**EXERCISE PROMPT**
Omit all pictures and transcribe only the lines in the entries below that run from the line with "Silver Silver 925" through the line with "Artland Tableau en".

(Records excerpted from a collection)

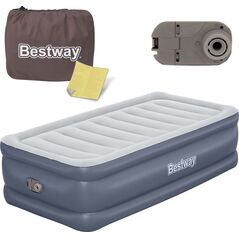 Bestway Materac welurowy, łóżko, 191x97x51 cm, Bestway, niebieski
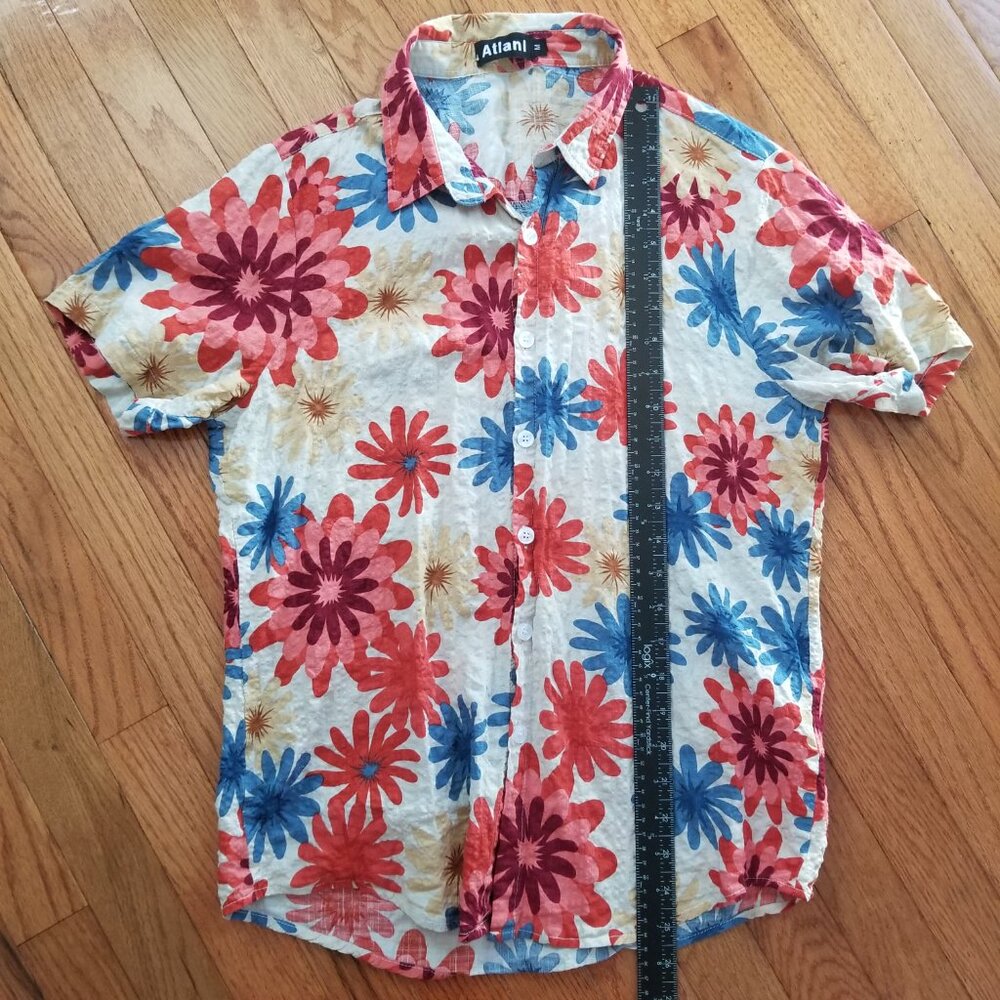 Atlanl men's button down shirt M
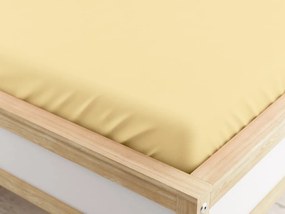 Mikroszálas gumis lepedő krémszínű 160 x 200 cm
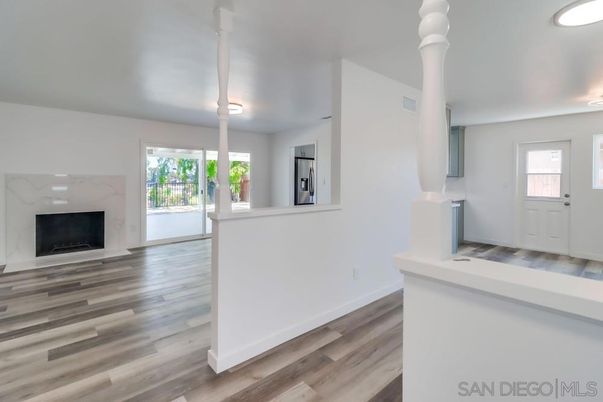 Fireplace, Interior, Wood Texture Flooring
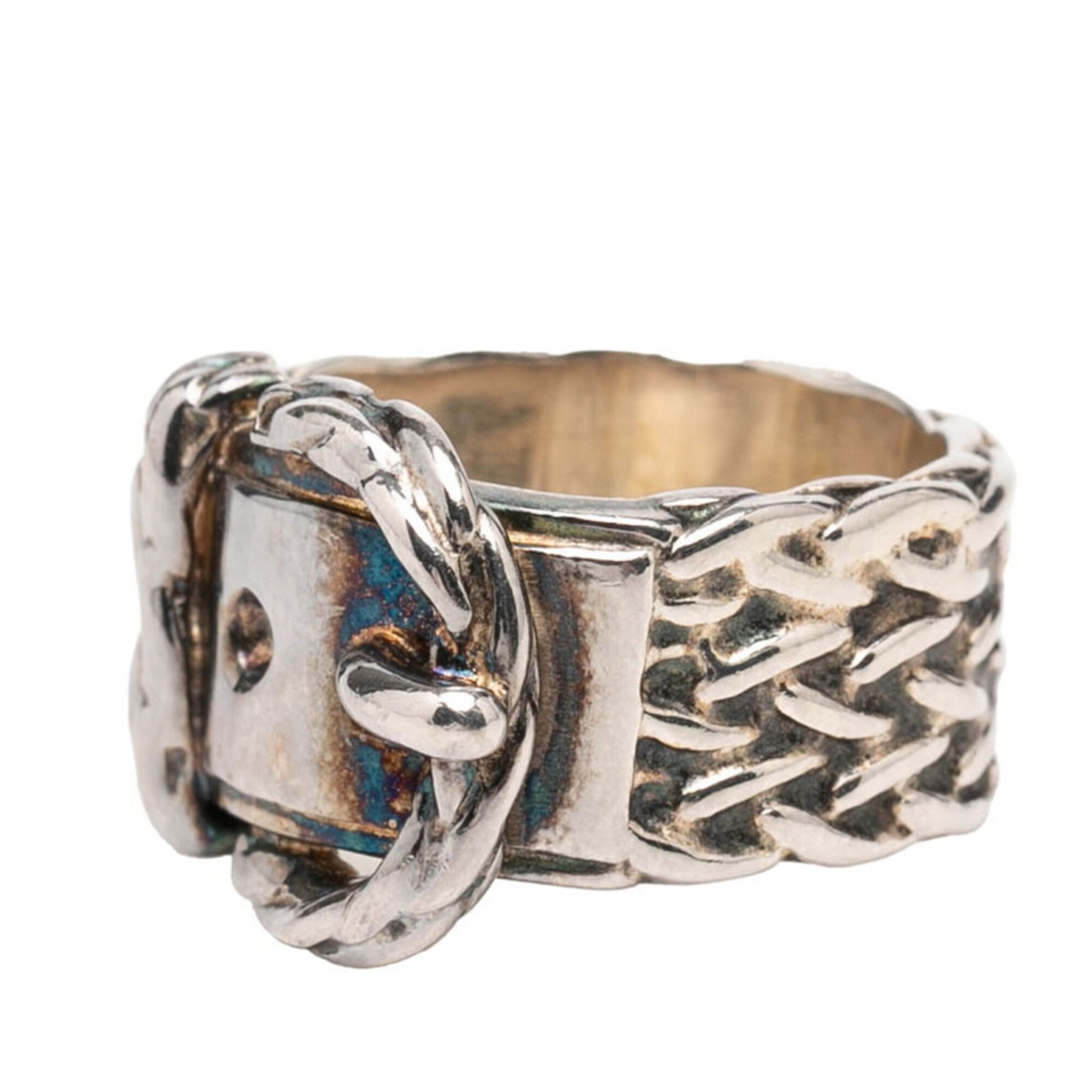 Silver Silver 925 Band Ring (Pre-Owned) - Hermes - Modalova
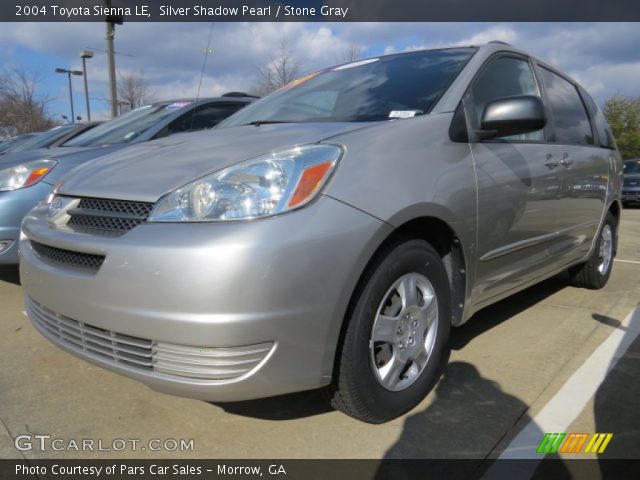 2004 Toyota Sienna LE in Silver Shadow Pearl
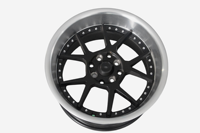 Jantes en alliage noires à lèvre usinée, style deux pièces, 5 branches, à déport profond, 16x7.5J 16x8.75 pouces, 4x100 4x114.3 8x100 8x114.3, jantes Tuner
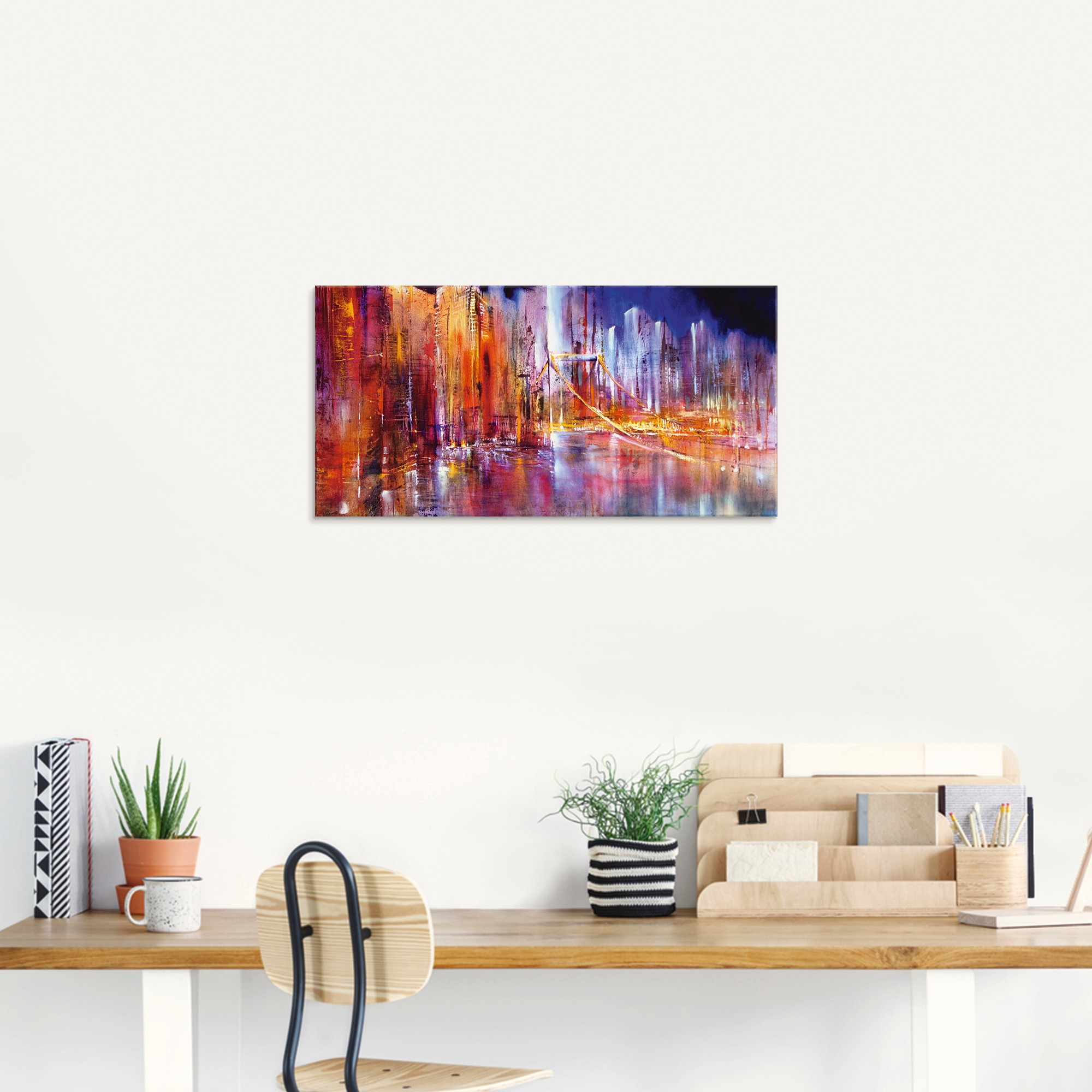 Artland Tableau en verre »Stadtansicht II« 1 cuis tlg. in verschiedenen Grössen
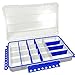 Flambeau WP5012 Ultimate Tuff Tainer Double Deep Waterproof Utility Box, 16 Compartments with 5 Zerust, Adjustable Dividers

**WRITTEN REPLY**
 Silver Silver 925 Band Ring (Pre-Owned) - Hermes - Modalova
 2004 Toyota Sienna LE in Silver Shadow Pearl
 Jantes en alliage noires à lèvre usinée, style deux pièces, 5 branches, à déport profond, 16x7.5J 16x8.75 pouces, 4x100 4x114.3 8x100 8x114.3, jantes Tuner
 Artland Tableau en verre »Stadtansicht II« 1 cuis tlg. in verschiedenen Grössen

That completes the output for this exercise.